→ **What you have to do**
Starting at the line that contains "Один из смертников", write out each line through the end of the data below, exactly as it stands. Skip any pictures.

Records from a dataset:
Segment Open

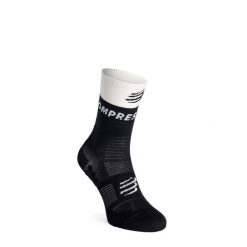 Skarpety biegowe Compressport Mid Compression Socks V2.0. Czarne skarpetki Compressport, bez wzorów. Za 102.99 zł.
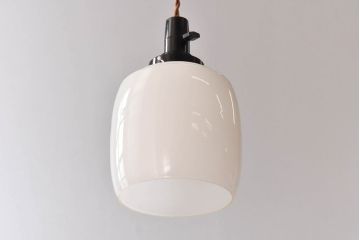 昭和レトロ　丸みを帯びた筒型のシェードが愛らしいペンダントライト(天井照明、吊り下げ照明)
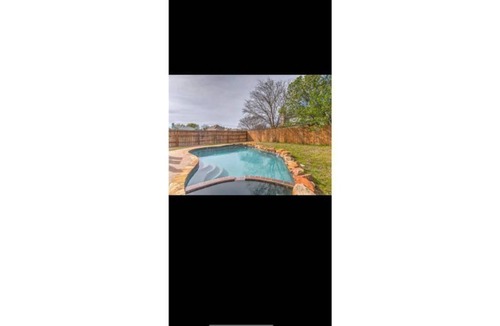 Fort Worth House | Entire residential home minutes from AT&T stadium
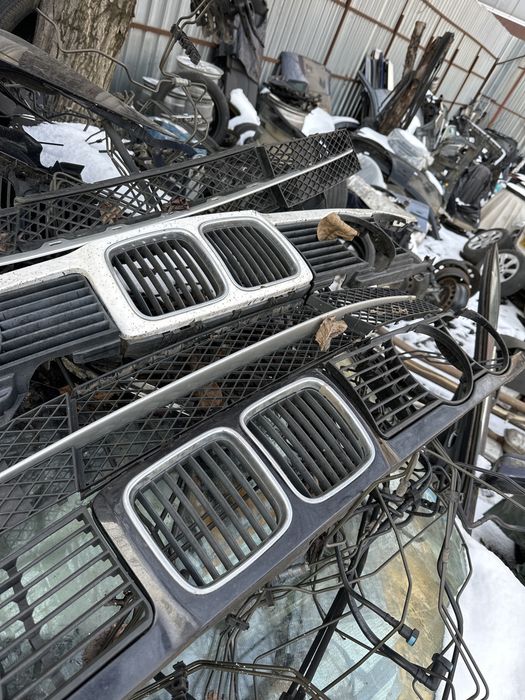 Grile/ Nari/ Ornamente bara fata Bmw f10,E90,E60,E46,E39,F32,F36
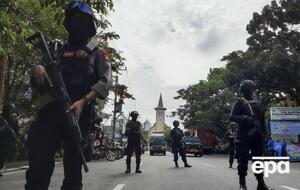 Один из смертников пытался въехать в храм, где в это время было много прихожан, на мотоцикле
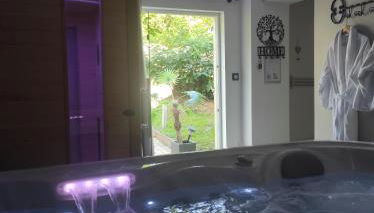 Aux Charmes de la Vallée - Foto 2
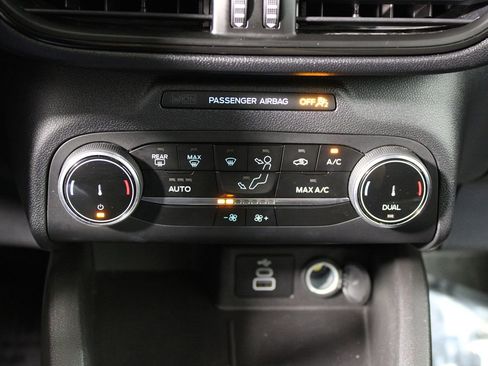 Used 2025 Ford Escape ST-Line image 12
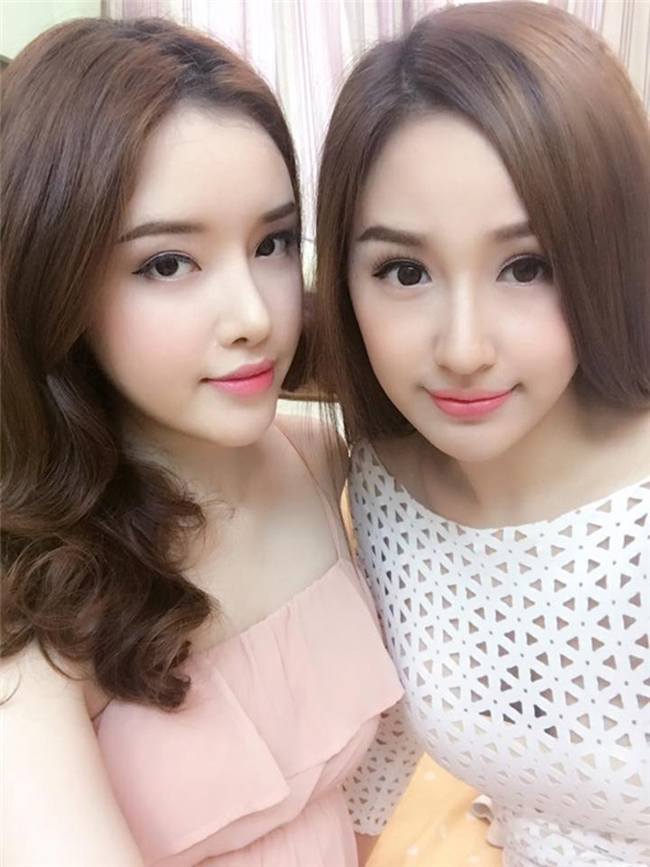 Hai chị em thường xuyên chia sẻ ảnh đời thường và Ngọc Phượng được nhận xét ngày càng xinh đẹp, không thua hoa hậu.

Segment Closed

→ **Answer for the task**
 Один из смертников пытался въехать в храм, где в это время было много прихожан, на мотоцикле
 Aux Charmes de la Vallée - Foto 2
 Used 2025 Ford Escape ST-Line image 12
 Hai chị em thường xuyên chia sẻ ảnh đời thường và Ngọc Phượng được nhận xét ngày càng xinh đẹp, không thua hoa hậu.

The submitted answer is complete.